La casa de muñecas embrujada

¿Y si la mecánica repetitiva de los relatos de fantasmas fuera el principio detrás de las series de televisión?, se pregunta este texto

Guillermo Núñez Jáuregui | martes, 31 de octubre de 2023

M.R. James añadió la siguiente nota al final de su relato “La casa de muñecas embrujada” (1923): “Se dirá, tal vez, y no injustamente, que esto no es más que una variación de un relato anterior mío titulado ‘El grabado’. Sólo puedo esperar que haya suficiente variación en la locación para hacer de la repetición del motivo algo tolerable”. La verdad es que “La casa de muñecas embrujada” es un relato inferior a “El grabado” (1904), pero también debe decirse que la mayor parte de los relatos de M.R. James resuenan entre sí y sólo un puñado vale la pena. Leer varios de corrido es desaconsejable, pues uno los empieza a encontrar repetitivos. Es uno de los puntos flacos del género: si uno lee suficientes cuentos de fantasmas empieza a notar –incluso en relatos escritos en distintas lenguas, procedentes de distintas regiones– rimas, insistencias, temas. Es la razón, me parece, por la que funcionan mejor cuando se leen en antologías.

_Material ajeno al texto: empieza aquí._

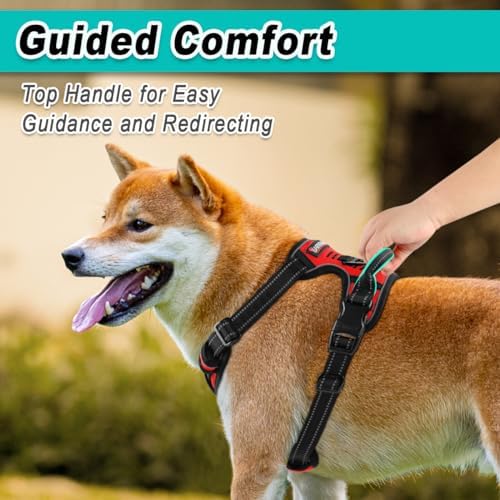 BARKBAY Dog Harness for Large Dog No Pull 2 Leash Clips Dog Vest - Image 4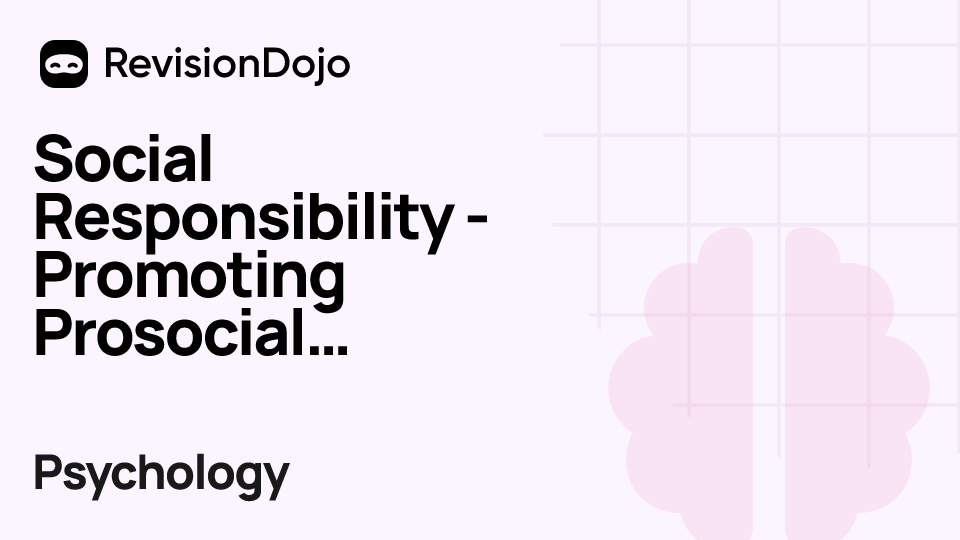 Social Responsibility - Promoting Prosocial Behaviour video thumbnail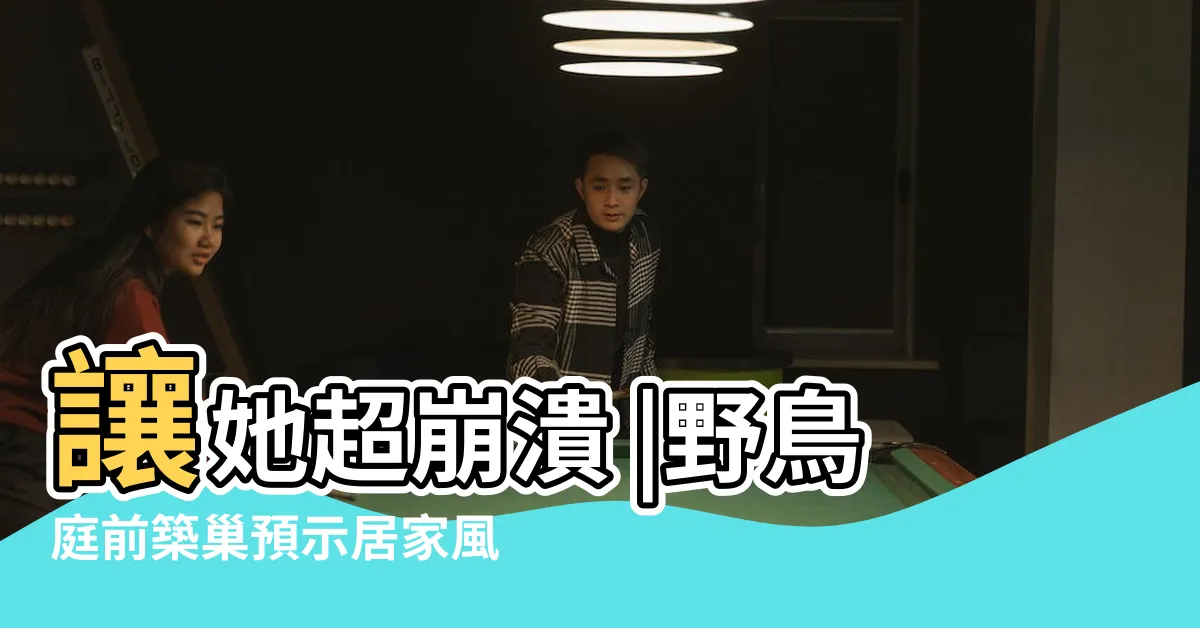 【鳥在家築巢風水】讓她超崩潰 |野鳥庭前築巢預示居家風水好兆頭 |窗户上有鳥窩什麼兆頭有好運嗎 |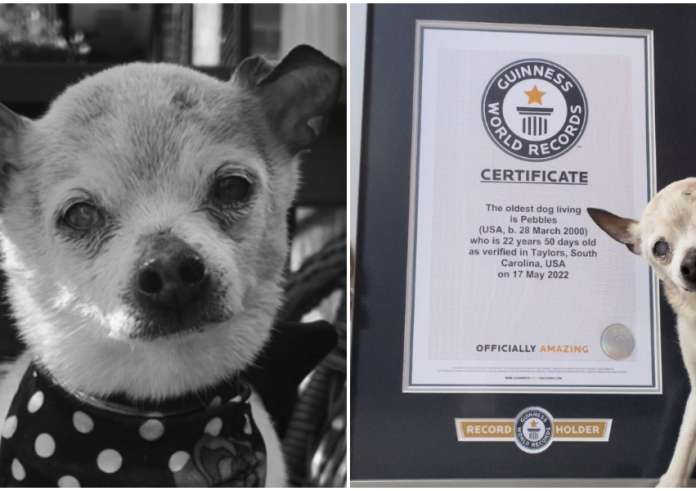 Πέθανε η σκυλίτσα Πεμπλς – Ήταν 22 χρονών, κατείχε το ρεκόρ του γηραιότερου σκύλου στον κόσμο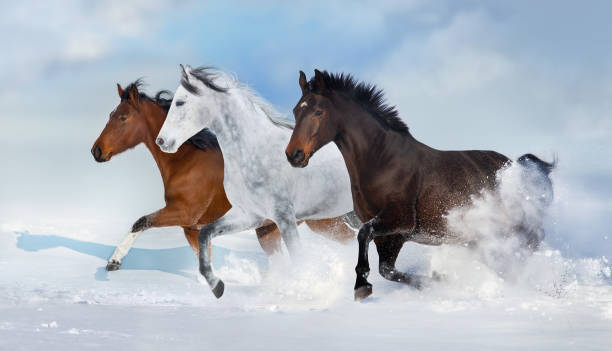 istock Horses run in snow field 2203373863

Aún así, este y otros cuentos de James le llamarán especial atención a quienes, además de lectores o asiduos del género, padezcan algún tipo de coleccionismo. No sólo abundan las escenas en las que un académico o un estudioso encuentra un manuscrito olvidado en alguna abadía, también –como ocurre al inicio de “La casa de muñecas embrujada”– se consignan los momentos ya no sólo de feliz hallazgo, sino del placer de la caza obsesiva (la escena inicial se da en una tienda de anticuario, y la conocida práctica del regateo).

Inflado, demasiado largo, el cuento intenta presentar de manera novedosa la situación de la casa encantada (hay una herencia en juego). Releyéndolo, aburrido, encuentro el interés en las notas a pie (en mi edición de sus cuentos completos, preparadas por Darryl Jones). Se explica en una que el cuento fue escrito por encargo, para formar parte de la biblioteca miniatura de la casa de muñecas que se le regaló a la reina María de Teck, cónyuge de Jorge V, en los años posteriores a la Primera Guerra Mundial (fue construida entre 1920 y 1924, por el arquitecto Edwin Lutyens). Con electricidad y tuberías funcionales, la casa de muñecas más grande del mundo tiene algo ya no de ostentoso sino de obsceno.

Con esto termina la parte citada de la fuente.